Your assignment ::
Wherever a line in the data holds the word "Linen", pull that line out.

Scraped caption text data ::
○ ○ ○ ○ ○ ○ ○
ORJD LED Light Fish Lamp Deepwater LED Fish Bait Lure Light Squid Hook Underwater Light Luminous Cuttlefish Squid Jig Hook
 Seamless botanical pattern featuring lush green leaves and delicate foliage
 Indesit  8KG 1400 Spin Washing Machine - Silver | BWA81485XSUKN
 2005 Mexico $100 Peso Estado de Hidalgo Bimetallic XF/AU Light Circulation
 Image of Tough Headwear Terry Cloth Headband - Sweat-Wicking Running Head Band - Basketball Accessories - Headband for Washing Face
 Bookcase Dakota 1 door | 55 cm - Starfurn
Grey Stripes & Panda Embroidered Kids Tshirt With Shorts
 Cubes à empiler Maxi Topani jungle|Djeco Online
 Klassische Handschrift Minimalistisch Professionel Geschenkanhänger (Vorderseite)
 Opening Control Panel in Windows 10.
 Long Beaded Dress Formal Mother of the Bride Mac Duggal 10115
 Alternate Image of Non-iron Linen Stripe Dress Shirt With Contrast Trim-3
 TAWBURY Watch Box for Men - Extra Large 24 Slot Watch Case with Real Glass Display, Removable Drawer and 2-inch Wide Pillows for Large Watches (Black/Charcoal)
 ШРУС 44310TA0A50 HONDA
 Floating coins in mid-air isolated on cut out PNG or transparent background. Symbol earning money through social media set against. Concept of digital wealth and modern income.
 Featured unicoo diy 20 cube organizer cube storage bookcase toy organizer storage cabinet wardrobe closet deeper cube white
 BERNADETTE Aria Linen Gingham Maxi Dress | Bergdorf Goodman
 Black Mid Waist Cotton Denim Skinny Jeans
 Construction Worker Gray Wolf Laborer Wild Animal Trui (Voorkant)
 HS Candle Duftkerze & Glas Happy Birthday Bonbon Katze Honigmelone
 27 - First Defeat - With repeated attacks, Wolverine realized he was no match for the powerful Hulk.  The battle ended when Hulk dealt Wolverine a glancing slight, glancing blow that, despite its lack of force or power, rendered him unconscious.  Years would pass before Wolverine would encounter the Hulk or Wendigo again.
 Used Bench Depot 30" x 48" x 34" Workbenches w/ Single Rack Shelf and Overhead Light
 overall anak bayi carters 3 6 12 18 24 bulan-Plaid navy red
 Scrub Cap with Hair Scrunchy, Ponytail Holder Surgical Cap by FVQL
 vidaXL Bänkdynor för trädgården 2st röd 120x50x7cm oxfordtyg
○ ○ ○ ○ ○ ○ ○
Answer for this exercise ::
 Alternate Image of Non-iron Linen Stripe Dress Shirt With Contrast Trim-3
 BERNADETTE Aria Linen Gingham Maxi Dress | Bergdorf Goodman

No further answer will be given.